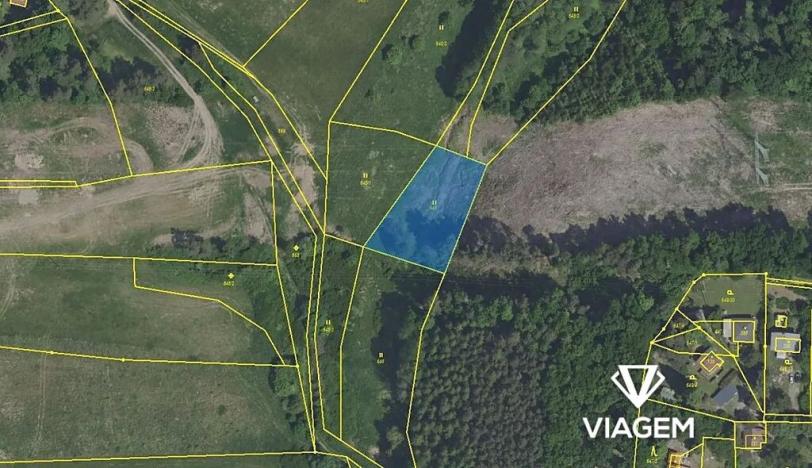 Prodej podílu pole, Lešany, 1353 m2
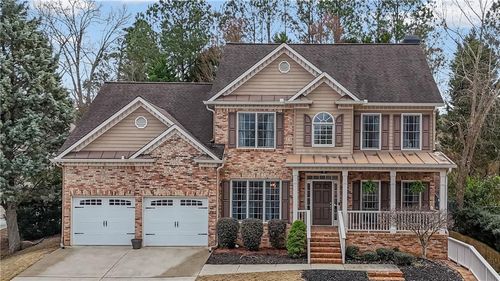 860 Valley Dr, Canton, GA, 30114-6625 | Card Image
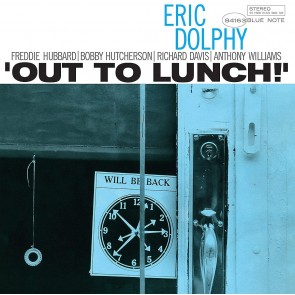 OUT TO LUNCH LP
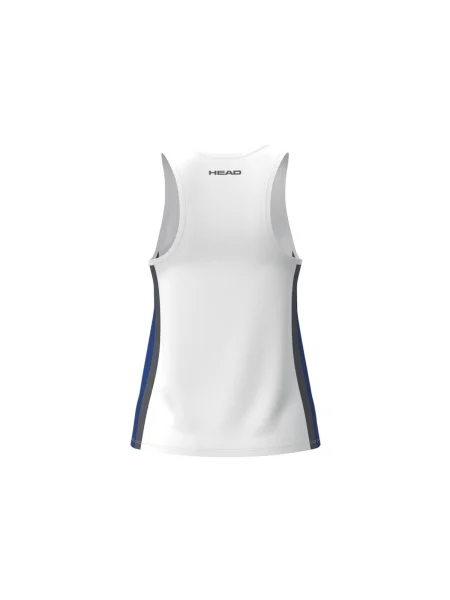 Tricou Head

- Problem to work on:
The pictures are not wanted, but every line of the listing should be duplicated exactly.

- Finished exercise:
 Prodej podílu pole, Lešany, 1353 m2
 860 Valley Dr, Canton, GA, 30114-6625 | Card Image
 OUT TO LUNCH LP
 Tricou Head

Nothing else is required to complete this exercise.